Active Learning
SPARC uses a Query-by-Committee (QbC) strategy to select which structures
to send for DFT labelling. An ensemble of num_models independently trained
models is used; configurations where the models disagree are the most
informative for improving the potential.
Force deviation thresholds
The key tuning parameters are in the model_dev block:
model_dev:
f_min_dev: 0.1 # eV/Å — lower bound
f_max_dev: 0.8 # eV/Å — upper bound
The outcome for each frame depends on its maximum atomic force deviation across the model committee:
Deviation range |
Outcome |
|---|---|
Below |
Model is confident — frame discarded (already well described) |
Between bounds |
Selected as candidate for DFT labelling |
Above |
Model has no knowledge — frame discarded (likely unphysical) |
Typical starting values: f_min_dev: 0.05–0.1 eV/Å,
f_max_dev: 0.3–0.8 eV/Å. Tighten the range in later iterations as the
model matures.
Number of models
mlip_setup.num_models controls committee size. A minimum of 2 is required;
4 is recommended for reliable uncertainty estimates. More models increase
training cost but improve candidate selection quality.
Restarting an interrupted run
If the workflow is killed mid-run, set:
active_learning: true
learning_restart: true
latest_model: "iter_000005/01.train/training_1/frozen_model_1.pb"
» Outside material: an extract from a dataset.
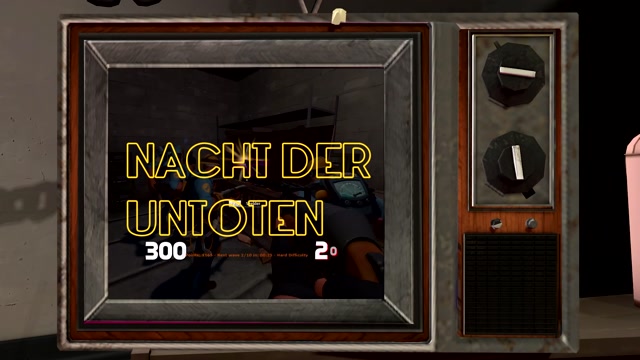 FUNKtv Co-op Singleplayer TF2 BsFF-611-mE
SPARC will skip already-completed iterations and resume from the checkpoint.
Restart exploration
To start the next ML-MD from a specific saved frame (e.g., a candidate structure) rather than the initial structure, use:
mlip_setup:
restart_exploration: true
restart_frame: "candidates" # use last saved candidate frame
This is useful for directed exploration of transition-state regions.